By examining a few of the dozens of documents obtained by Scoop -- which show, variously, the day's polling for House races and for the presidential race regionally and nationally, at three different times on Election Day -- we can get a good idea of how the race looked to news organizations as people went to the voting booths. At midday Eastern time, NEP interviewers had spoken to about 8,000 voters, 51 percent of whom said they'd voted for Kerry, 48 percent for Bush, and 1 percent for Ralph Nader. But there were some problems with those numbers: At that point in time, the NEP's poll (which can be seen on this PDF file) clearly included too many women -- 58 percent of the respondents were female, 42 percent were male, and the women who'd been interviewed preferred Kerry to Bush by 53 to 45 percent.
A more interesting set of numbers is available in this PDF file, which shows what the NEP knew later that evening -- at 7:33 p.m.

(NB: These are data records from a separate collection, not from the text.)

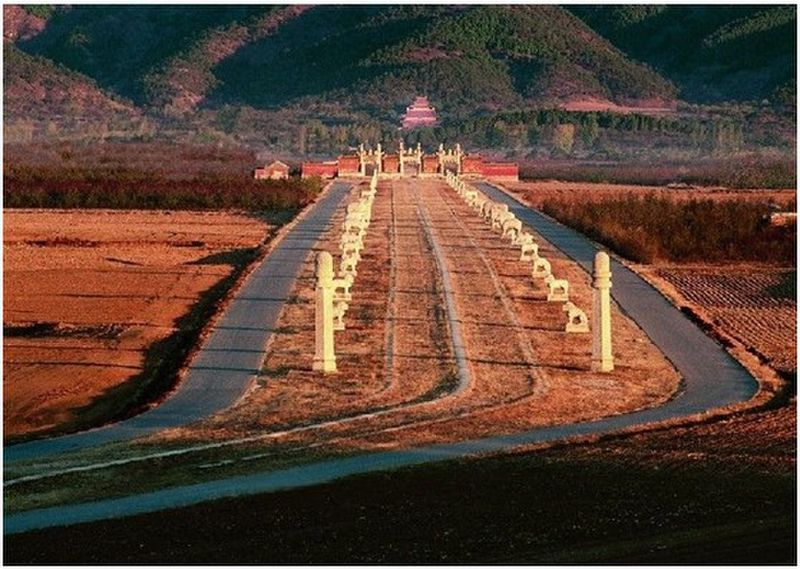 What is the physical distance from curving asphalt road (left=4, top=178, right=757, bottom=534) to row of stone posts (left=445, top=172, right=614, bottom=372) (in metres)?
0.71

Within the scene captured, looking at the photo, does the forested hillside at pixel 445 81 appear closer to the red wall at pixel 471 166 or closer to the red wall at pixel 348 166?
the red wall at pixel 471 166

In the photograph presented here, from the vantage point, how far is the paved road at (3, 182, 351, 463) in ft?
54.4

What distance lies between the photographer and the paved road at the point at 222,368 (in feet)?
54.4

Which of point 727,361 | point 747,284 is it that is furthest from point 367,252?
point 727,361

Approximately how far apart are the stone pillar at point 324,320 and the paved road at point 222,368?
60cm

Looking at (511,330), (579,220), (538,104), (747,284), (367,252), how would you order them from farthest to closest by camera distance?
(538,104), (579,220), (367,252), (747,284), (511,330)

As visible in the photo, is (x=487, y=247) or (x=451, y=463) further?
(x=487, y=247)

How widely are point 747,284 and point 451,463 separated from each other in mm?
17255

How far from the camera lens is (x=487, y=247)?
38.0 metres

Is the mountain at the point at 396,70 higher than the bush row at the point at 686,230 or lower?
higher

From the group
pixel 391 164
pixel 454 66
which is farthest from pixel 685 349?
pixel 454 66

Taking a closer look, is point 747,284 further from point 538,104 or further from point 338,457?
point 538,104

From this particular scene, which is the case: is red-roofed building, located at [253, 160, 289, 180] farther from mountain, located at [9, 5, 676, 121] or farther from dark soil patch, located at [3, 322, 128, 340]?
mountain, located at [9, 5, 676, 121]

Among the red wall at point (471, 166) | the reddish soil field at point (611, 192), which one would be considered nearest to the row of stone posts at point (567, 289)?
the reddish soil field at point (611, 192) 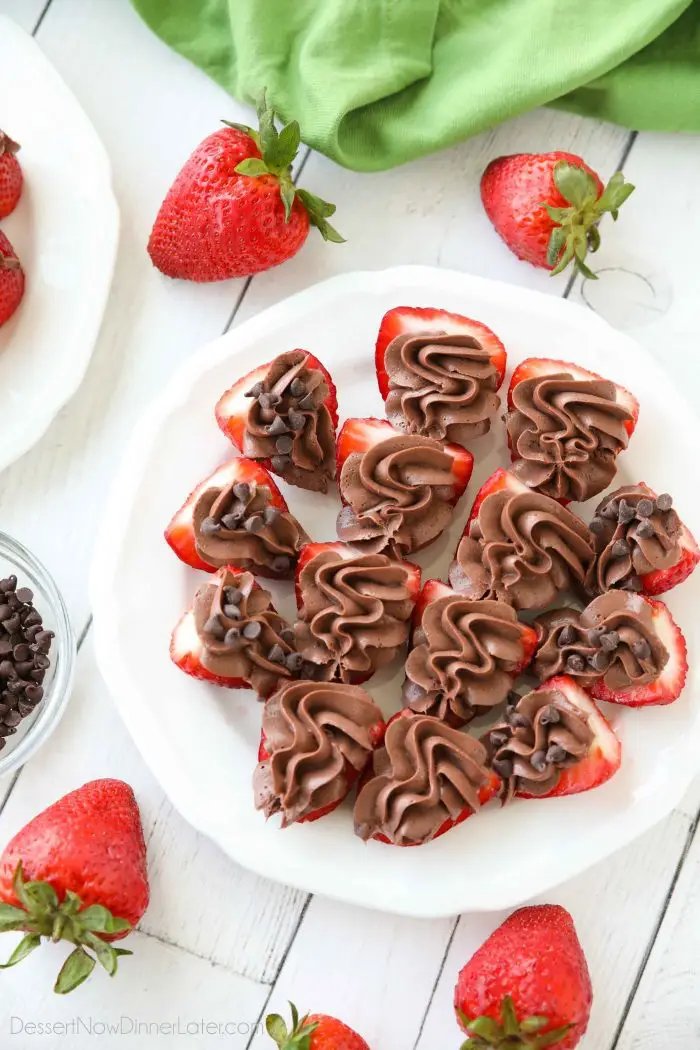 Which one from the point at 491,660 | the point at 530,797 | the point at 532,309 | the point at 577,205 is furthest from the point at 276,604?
the point at 577,205

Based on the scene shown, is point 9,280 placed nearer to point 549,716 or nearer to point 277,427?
point 277,427

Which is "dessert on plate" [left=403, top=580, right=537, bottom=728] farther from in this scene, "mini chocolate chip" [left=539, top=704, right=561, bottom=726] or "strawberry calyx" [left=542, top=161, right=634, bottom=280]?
"strawberry calyx" [left=542, top=161, right=634, bottom=280]

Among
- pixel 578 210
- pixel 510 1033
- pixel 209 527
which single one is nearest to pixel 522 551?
pixel 209 527

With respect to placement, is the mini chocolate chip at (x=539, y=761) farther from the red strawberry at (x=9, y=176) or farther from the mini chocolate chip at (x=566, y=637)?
the red strawberry at (x=9, y=176)

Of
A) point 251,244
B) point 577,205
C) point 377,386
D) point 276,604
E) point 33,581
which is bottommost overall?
point 33,581

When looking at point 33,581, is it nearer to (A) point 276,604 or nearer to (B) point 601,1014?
(A) point 276,604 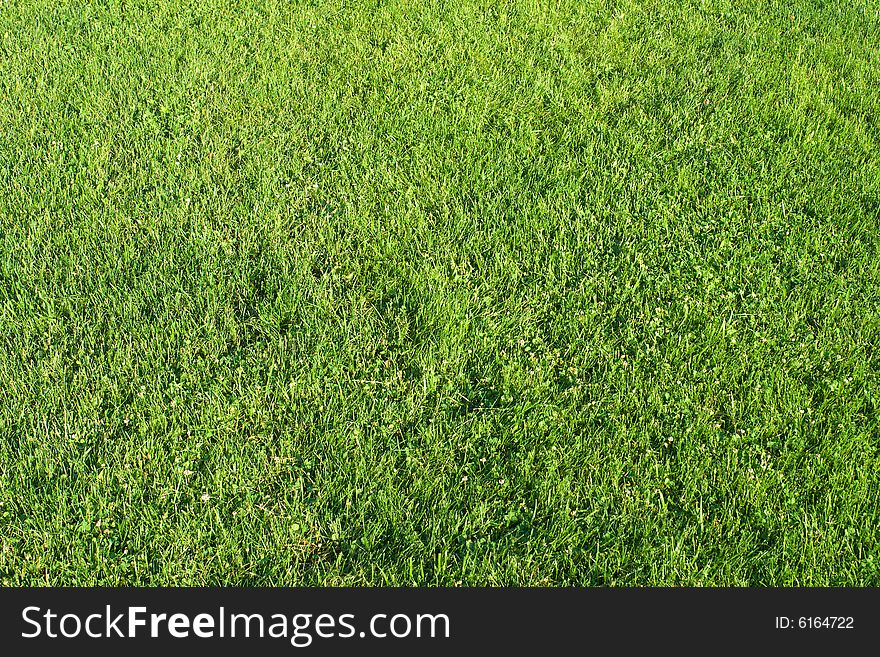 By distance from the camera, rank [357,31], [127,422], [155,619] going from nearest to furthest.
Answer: [155,619], [127,422], [357,31]

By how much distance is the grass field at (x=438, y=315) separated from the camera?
9.09 feet

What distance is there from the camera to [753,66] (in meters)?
5.89

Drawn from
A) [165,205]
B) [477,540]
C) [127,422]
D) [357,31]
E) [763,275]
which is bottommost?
[477,540]

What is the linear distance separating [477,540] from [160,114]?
390 cm

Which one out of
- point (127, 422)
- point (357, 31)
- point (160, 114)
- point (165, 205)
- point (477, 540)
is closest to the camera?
point (477, 540)

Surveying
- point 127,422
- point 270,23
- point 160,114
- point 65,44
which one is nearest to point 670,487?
point 127,422

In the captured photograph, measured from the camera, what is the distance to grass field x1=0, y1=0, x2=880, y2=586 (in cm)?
277

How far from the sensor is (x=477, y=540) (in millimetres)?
2762

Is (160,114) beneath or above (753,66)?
beneath

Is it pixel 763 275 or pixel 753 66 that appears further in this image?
pixel 753 66

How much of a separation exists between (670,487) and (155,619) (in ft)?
6.16

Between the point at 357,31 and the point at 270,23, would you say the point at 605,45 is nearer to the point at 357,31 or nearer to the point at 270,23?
the point at 357,31

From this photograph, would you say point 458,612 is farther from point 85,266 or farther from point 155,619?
point 85,266

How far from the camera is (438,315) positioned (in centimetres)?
365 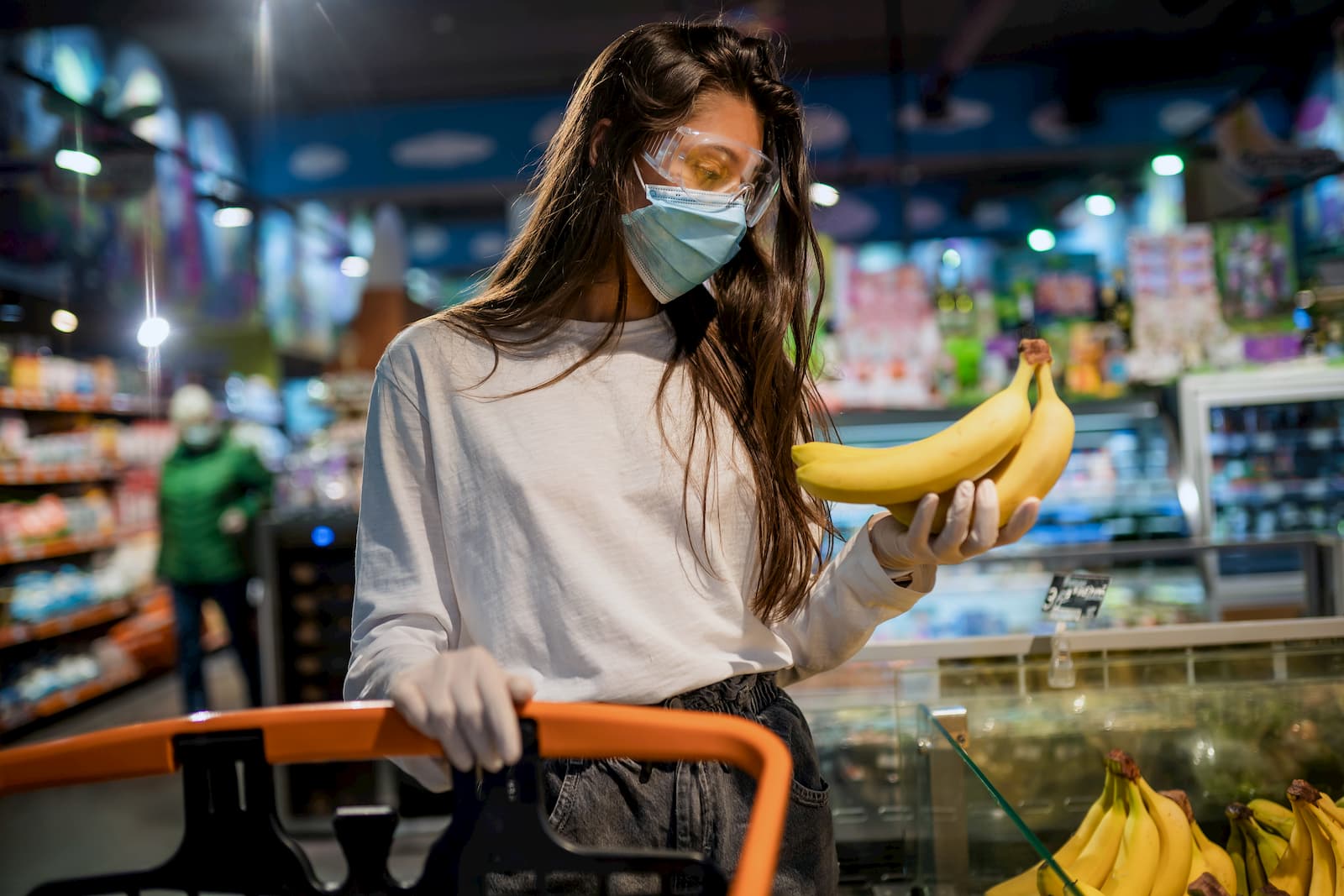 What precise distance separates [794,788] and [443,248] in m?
9.15

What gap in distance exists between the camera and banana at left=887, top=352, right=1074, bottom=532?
1.08 metres

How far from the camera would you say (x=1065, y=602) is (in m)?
1.79

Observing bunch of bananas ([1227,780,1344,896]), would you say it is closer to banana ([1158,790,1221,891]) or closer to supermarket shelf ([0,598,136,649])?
banana ([1158,790,1221,891])

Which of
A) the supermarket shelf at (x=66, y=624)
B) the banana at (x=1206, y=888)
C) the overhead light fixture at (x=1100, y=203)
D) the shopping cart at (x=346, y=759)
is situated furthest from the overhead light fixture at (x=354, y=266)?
the shopping cart at (x=346, y=759)

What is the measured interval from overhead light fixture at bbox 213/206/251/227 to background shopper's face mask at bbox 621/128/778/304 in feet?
24.6

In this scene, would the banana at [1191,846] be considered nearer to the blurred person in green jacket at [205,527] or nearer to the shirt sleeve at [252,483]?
the blurred person in green jacket at [205,527]

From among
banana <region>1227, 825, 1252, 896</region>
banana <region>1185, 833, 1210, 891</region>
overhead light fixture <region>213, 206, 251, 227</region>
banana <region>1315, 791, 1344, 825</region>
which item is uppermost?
overhead light fixture <region>213, 206, 251, 227</region>

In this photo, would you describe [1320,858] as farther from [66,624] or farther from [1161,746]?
[66,624]

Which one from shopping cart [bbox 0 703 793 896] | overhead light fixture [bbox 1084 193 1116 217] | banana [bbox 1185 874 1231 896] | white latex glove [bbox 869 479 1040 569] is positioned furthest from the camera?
overhead light fixture [bbox 1084 193 1116 217]

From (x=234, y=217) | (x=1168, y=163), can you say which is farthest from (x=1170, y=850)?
(x=234, y=217)

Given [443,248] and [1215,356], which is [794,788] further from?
[443,248]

Eastern time, when it had interviewed 11,027 people. By this time, the poll had a more natural distribution by gender -- 54 percent women, 46 percent men. Women still preferred Kerry to Bush, but what's interesting is that even at this late hour, with a better gender breakdown, Kerry still led Bush by a 3-point margin, 51 to 48. Because the NEP's exit poll included so many interviews, it had a relatively low margin of error -- only 1 percent. Kerry's lead in the poll exceeded that margin.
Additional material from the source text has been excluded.